Now I need to see how it handles extra rows.

Code
one[:2]
name animal age
0 orlando cat 3
1 rupert bear 4
Code
find_differences(one[:2], two)
ValueError: Can only compare identically-labeled DataFrame objects

So I need to ensure that the index matches for both dataframes. I wonder how I can do that.

I think I need to find the rows that are not in the other index and handle them separately.
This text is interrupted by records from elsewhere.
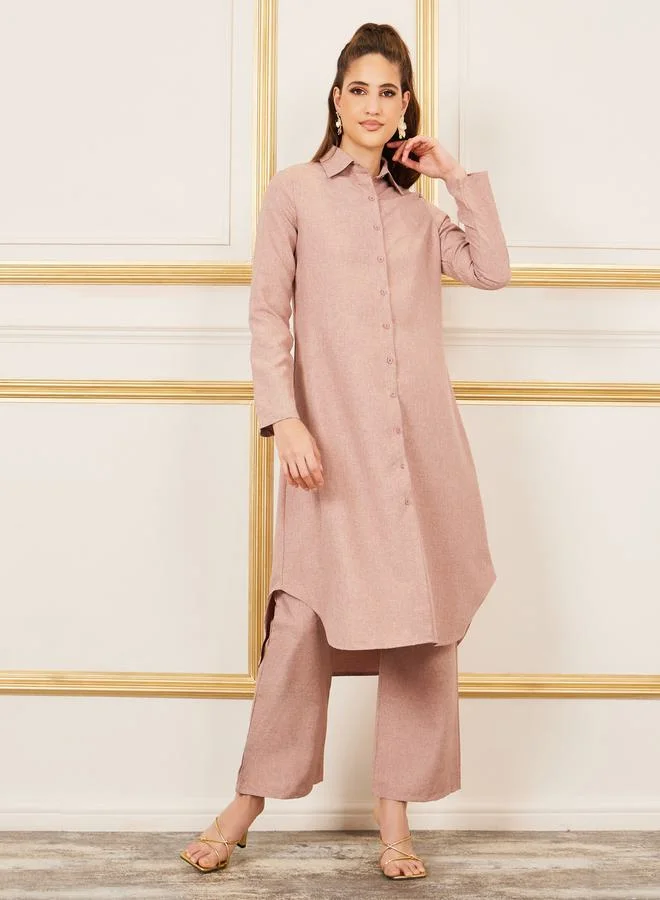 Styli Curved Hem Longline Shirt and Wide Leg Pant Set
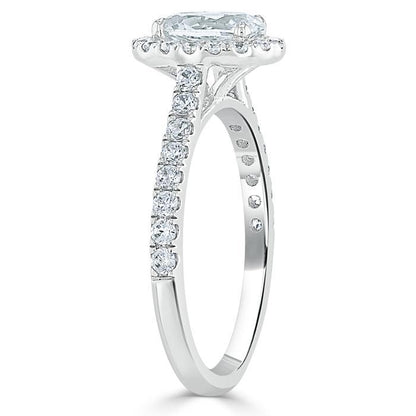 0.94 CT Oval Cut Halo Moissanite Engagement Ring With Pave Setting 3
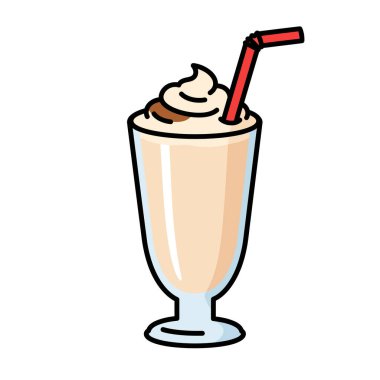 Milk shake klipsi sanatı. Bu resim, uzun bardakta, krem şantili ve kırmızı pipetli bir milkshake 'i gösteriyor. Çizim tasarımı.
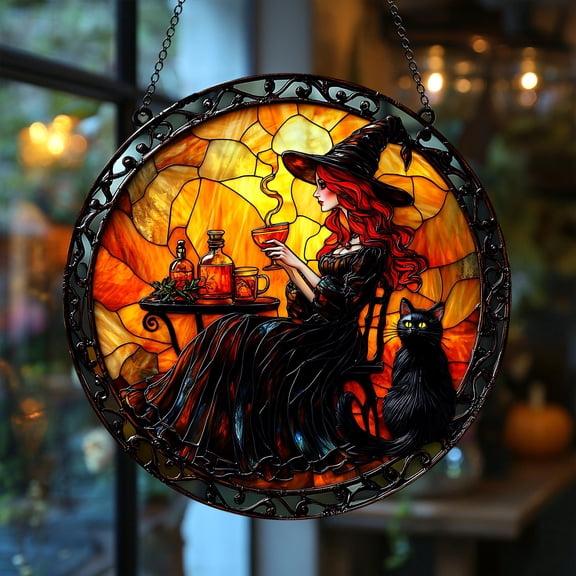 Acrylic Suncatcher Window Hanging 6-12 Inch Tea Time Redhead Witch Halloween Cat Gothic Wiccan Home Stained Glass Effect Shatterproof Faux Stained Glass Window Hanging Gift
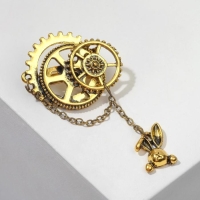 Брошь &laquo;Сказочный кролик&raquo; шестерёнки, цвет чернёное золото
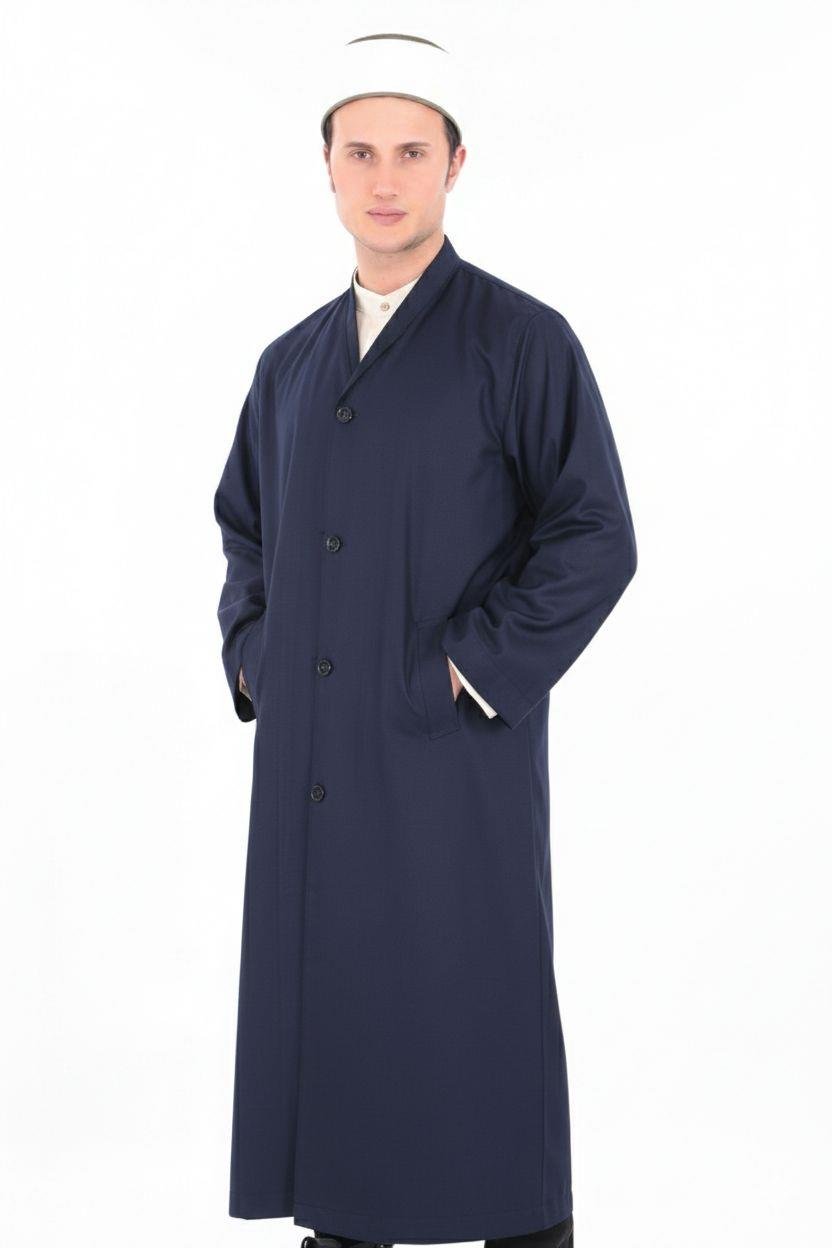 BUHARA YAKA DÜĞMELİ MEVSİMLİK CÜBBE | YARIM ASTARLI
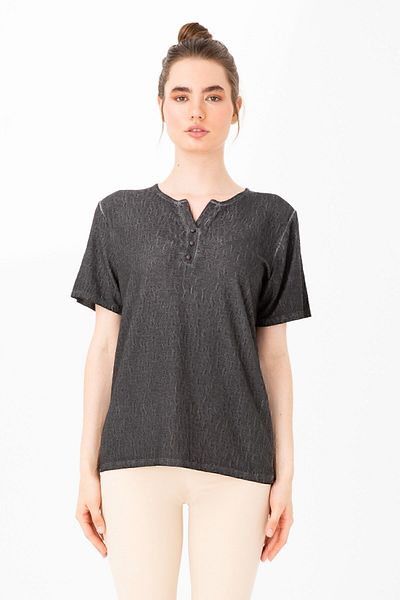 Desen Triko Women's Turn-down Collar Short Sleeve Jacquard Fabric Blouse Black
Out of interest, for two dataframes with an equal index there is a built in compare method:

Code
one.compare(two, align_axis=0)
name animal age
0 self NaN NaN 3.0
other NaN NaN 4.0
1 self rupert NaN NaN
other ruperts NaN NaN
2 self NaN dog NaN
other NaN dogs NaN
Code
def find_differences(left: pd.DataFrame, right: pd.DataFrame) -> pd.DataFrame:
    left_extended = left.append(right[~right.index.isin(left.index)])
    left_extended.loc[~left_extended.index.isin(left.index), :] = np.nan
    right_extended = right.append(left[~left.index.isin(right.index)])
    right_extended.loc[~right_extended.index.isin(right.index), :] = np.nan
    
    left_flat = flatten(left_extended)
    right_flat = flatten(right_extended)
    
    return left_flat.compare(right_flat)
Code
find_differences(one[:2], two)
value
self other
index column
0 age 3.0 4.0
1 name rupert ruperts
2 age NaN 5.0
animal NaN dogs
name NaN rollo
Code
find_differences(one, two[:2])
value
self other
index column
0 age 3.0 4.0
1 name rupert ruperts
2 age 5.0 NaN
animal dog NaN
name rollo NaN
Code
find_differences(one, one)
index column
Code
find_differences(one, one).empty
True

I’m much happier with this than my previous approach which was from this stack overflow question. For me that approach failed at the (df1 != df2).stack() expression.